[Records for this task — start]

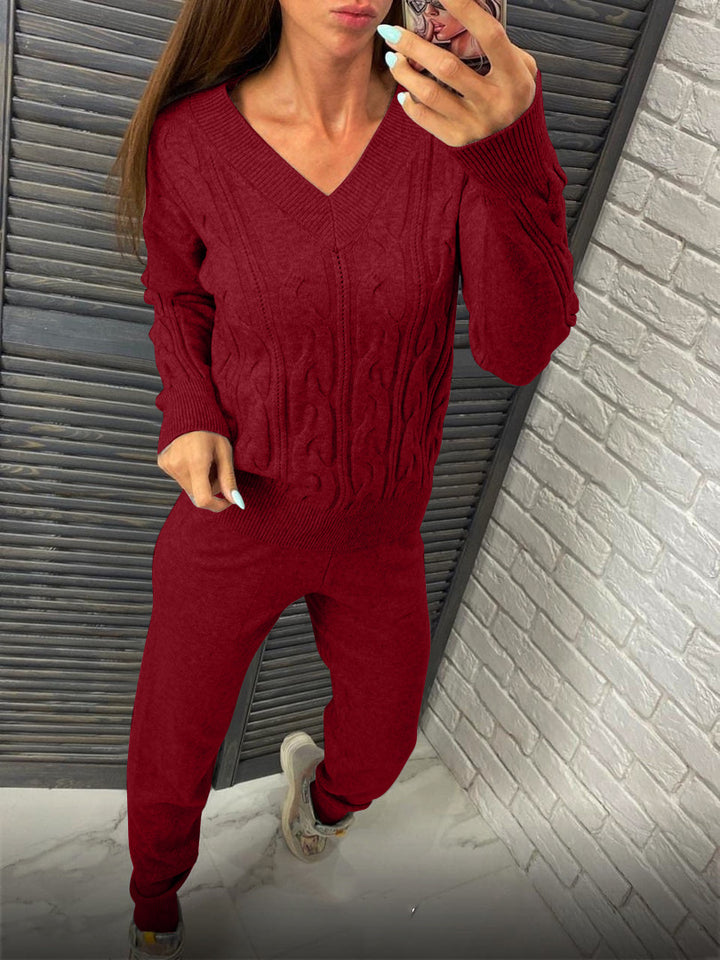 Damstickad tröja och joggingbyxor set med flätmönster Mirla-Eva Jonsson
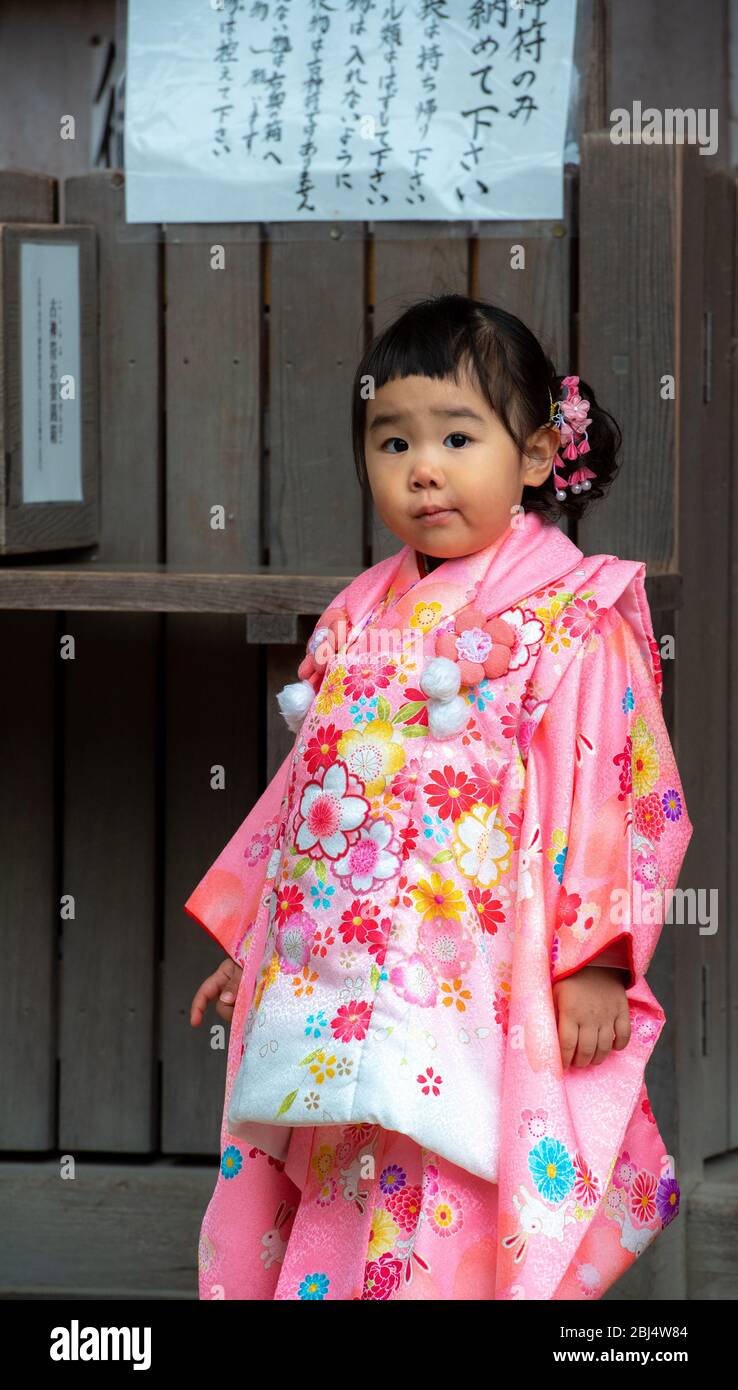 Una bambina giapponese che indossa il kimono tradizionale al tempio Kasuga  Taisha a Nara, Giappone Foto stock - Alamy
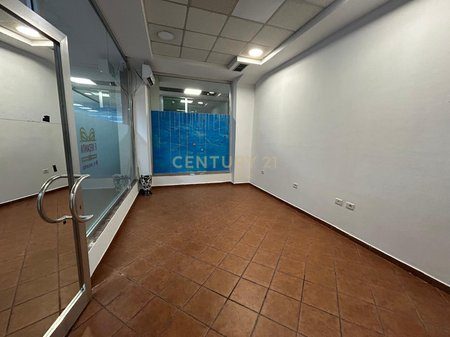 BULEVARDI ZOGU I PARË – DYQAN BUZË RRUGE ME QIRA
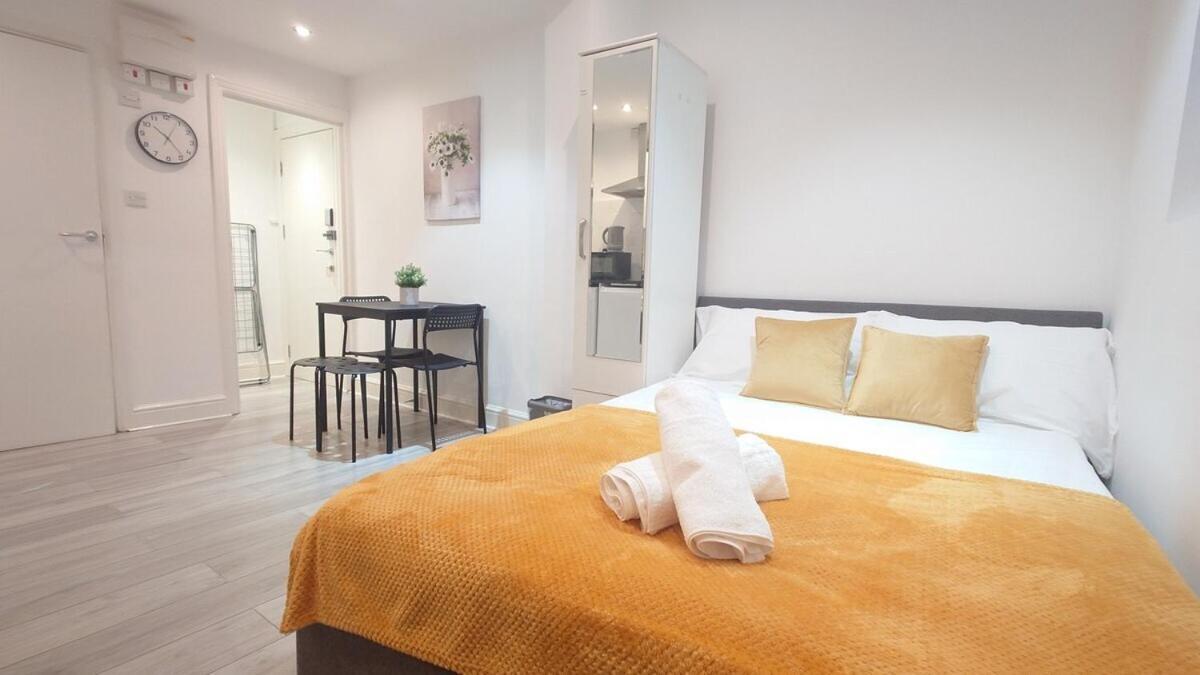 Comfort Camden Studio Apartments Londra Cameră foto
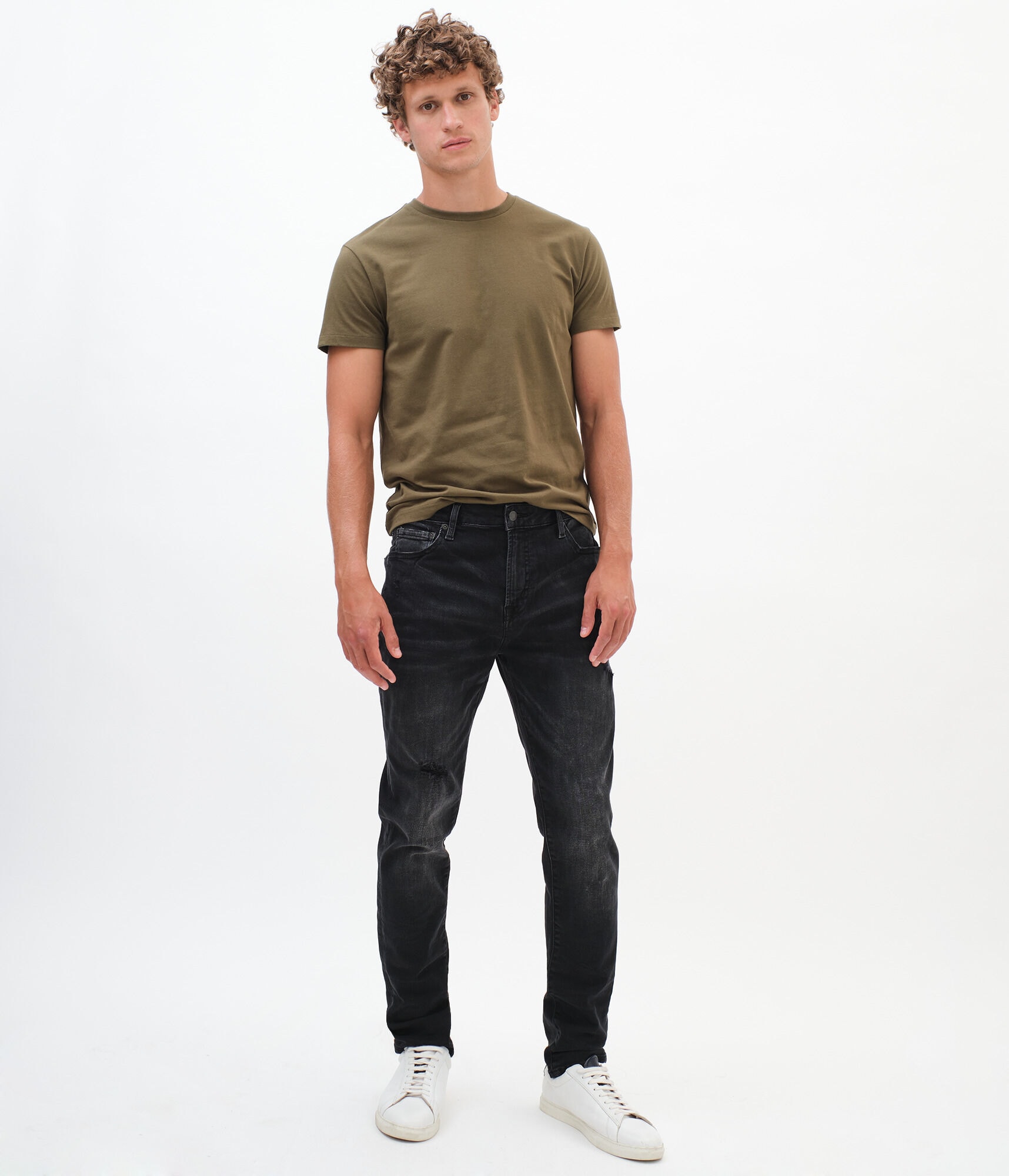 Premium Air Athletic Skinny Jean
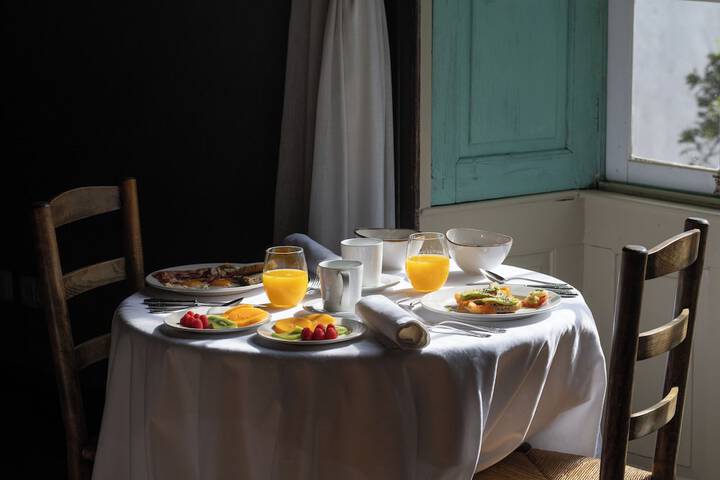 Dining 46 of 57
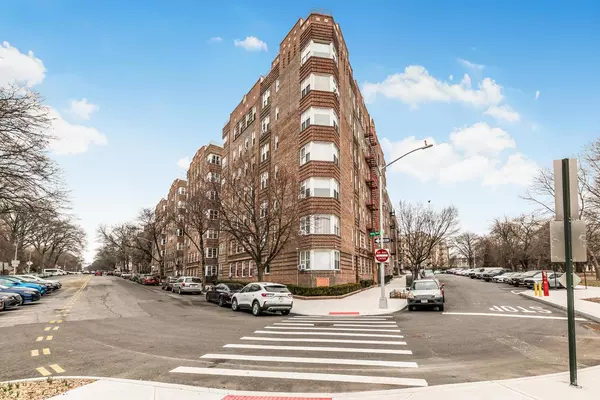 601 Pelham Pkwy #415, Bronx, NY 10467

[Records for this task — finish]

Give back word for word the lines from the one containing "Una bambina giapponese" through the final line of the data above. Pictures are to be left out.

Solution to this problem
 Una bambina giapponese che indossa il kimono tradizionale al tempio Kasuga  Taisha a Nara, Giappone Foto stock - Alamy
 BULEVARDI ZOGU I PARË – DYQAN BUZË RRUGE ME QIRA
 Comfort Camden Studio Apartments Londra Cameră foto
 Premium Air Athletic Skinny Jean
 Dining 46 of 57
 601 Pelham Pkwy #415, Bronx, NY 10467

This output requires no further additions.